◇牧師室より◇
M.L.キング研究会に参加してきた。この会は、キング牧師研究の第一人者である梶原寿先生が会長をし、私の友人の山本将信牧師が事務局をして、数十人の会員で構成されている。毎年夏に研究会を開催している。名は「キング研究会」であるが、招かれる講演者が関心を持っている問題を語り、後は参加者で討論する極めて自由な研究会である。先回、参加した時は、「人間の盾」としてイラクに行った木村公一牧師の講演であった。今回は宋富子氏の「愛するとき奇跡は創られる−在日三代史−」という講演であった。宋氏は、日本とコリアの2,000年に渡る交流の歴史を正確に知り、和解と共生、平和をつくる目的で「高麗博物館」を建てることに尽力し、今は名誉館長をしておられる。

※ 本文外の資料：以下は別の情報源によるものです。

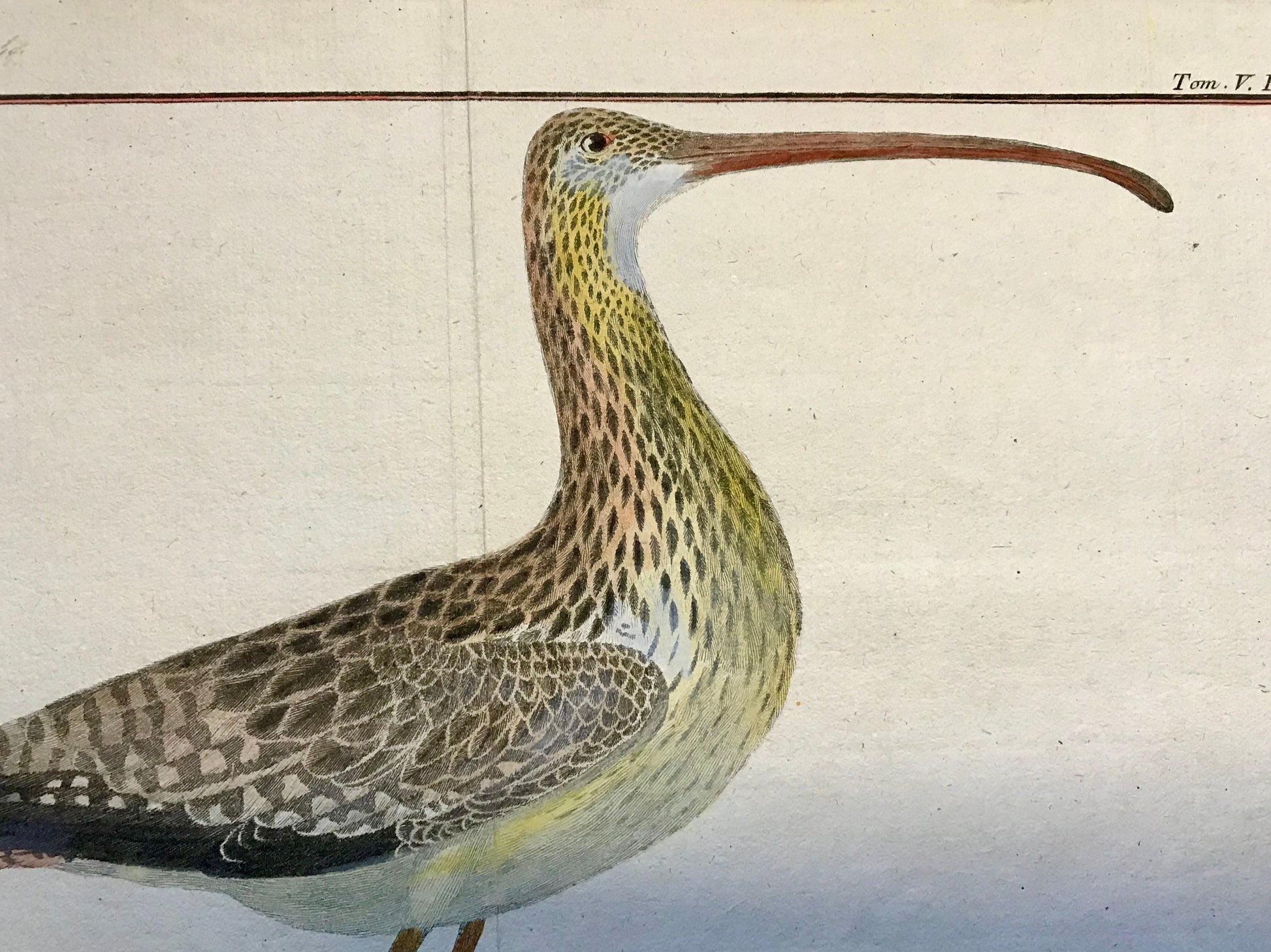 Courby de Madagascar. An Engraving of A Curlew by Francois-Nicholas Martinet. Hand coloured. 1770. Size: 25 x 34.5cms.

宋氏は自分史を一人芝居でドラマチックに演じておられ、私は二回観たことがある。今回は祖母、母親、自分の三代、日本人から受けた差別の話から始められた。心が萎縮し、虚無感の中で死を求める悲しい体験であった。しかし、牧師たちとの出会い、また聖書の言葉によって「自分と隣人を愛する」愛を知って、失っていた人間の心を取り戻した。愛する時、生きる希望と勇気が与えられる奇跡が起こるという情熱的な証しであった。そして、歴史の真実を知る、加害と被害の実態の真相を知ることの大切さを訴え、「無関心は罪である」と力説された。また、日本の右傾化に対しても敏感に反応し、民主化を共に作り出そうと、熱っぽく話された。在日は、日本が右傾化する時、真っ先に犠牲になることを体験したからである。
私が、日本と朝鮮との悲劇的な関係を知ったのは在日の友人から本を借りて読んだ20歳代後半であった。現代史の教育を受けていなかったことを、その時知った。
自由な討論の場では、日本文化は朝鮮から輸入されたものがいかに多いかを、参加者の体験と学習から色々と報告された。